So where does it all leave us?

So as Labour bids farewell to Manchester, as well as John Prescott, what conclusions can we draw from the week's events? I would draw the following:

1. By dint of his conference tour-de-force on Tuesday, Tony Blair has earned the right to stay on into the summer of 2007.

2. Gordon Brown has largely recovered the ground lost in the aftermath of the abortive "coup," but remains on probation.

3. Provided there are no further attempts to hustle him out of the door, Mr Blair will continue to hold out the possiblity of endorsing Brown, while making him sweat for it until the very last minute.

4. If however the infighting erupts again, and the polls show they can win, the Blairites will run John Reid against the Chancellor.

That's my objective assessment of the situation. My personal view remains however that to challenge Brown would be a mistake that will only help the Tories, and that the Blairites should stop threatening an alternative candidate and accept this.

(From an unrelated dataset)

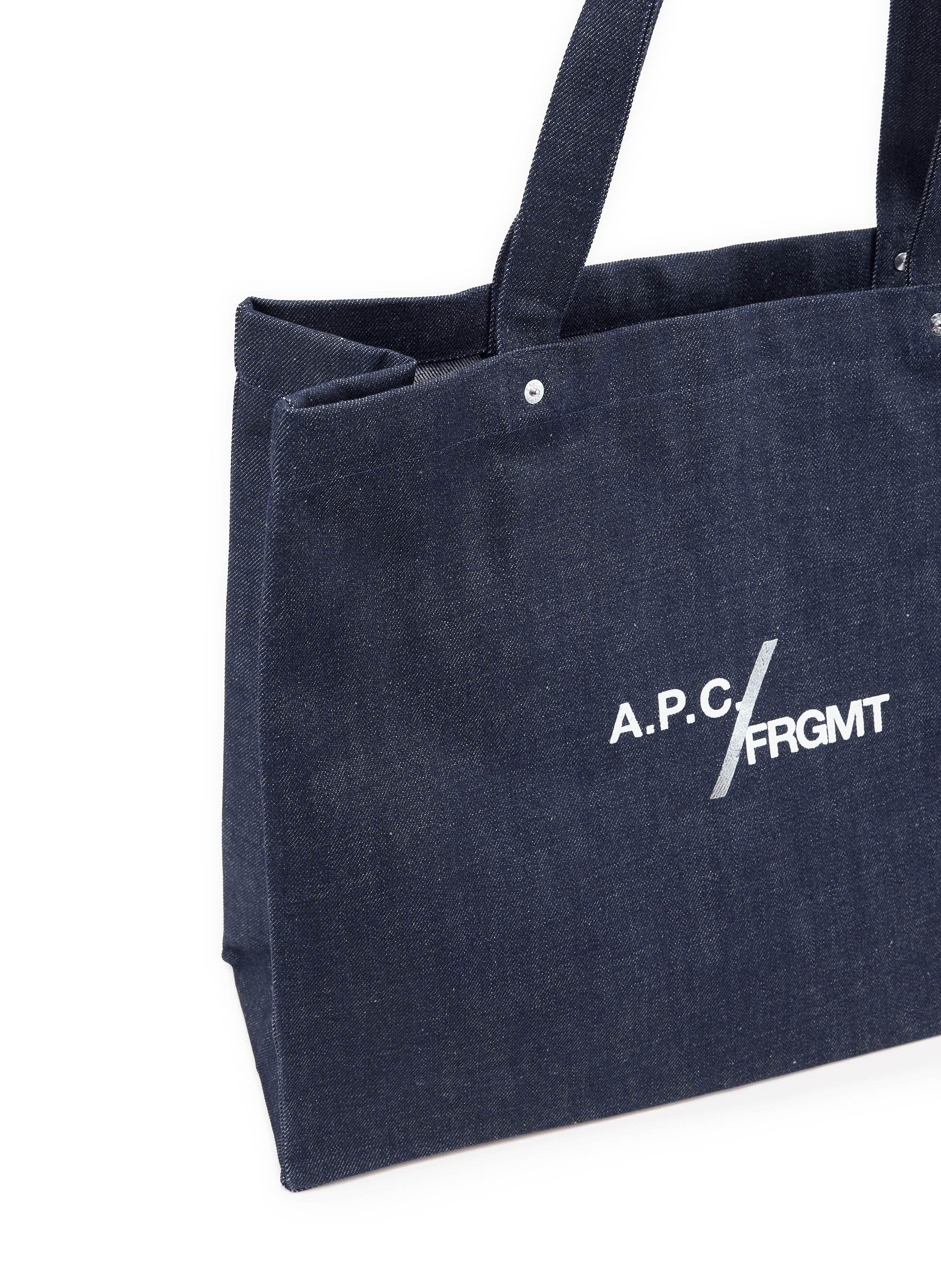 Sac shooping Je Sors Ce Soir en coton A.P.C. Bleu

Of all the punditry I have read about the conference, the piece that made the most sense to me was the piece by David Clark in today's Guardian.

"Parties that spurn leadership favourites for internal reasons unrelated to merit tend to regret such decisions. Labour passed over Denis Healey for Michael Foot in 1980 even though he was far better qualified for the job. The Tories did the same to Michael Heseltine 10 years later in revenge for his role in deposing Margaret Thatcher.

"Labour can avoid that fate, but only if it is willing to put the spite merchants in their place and choose the only candidate with the substance and experience to govern successfully and win the next election. That means uniting behind Gordon Brown."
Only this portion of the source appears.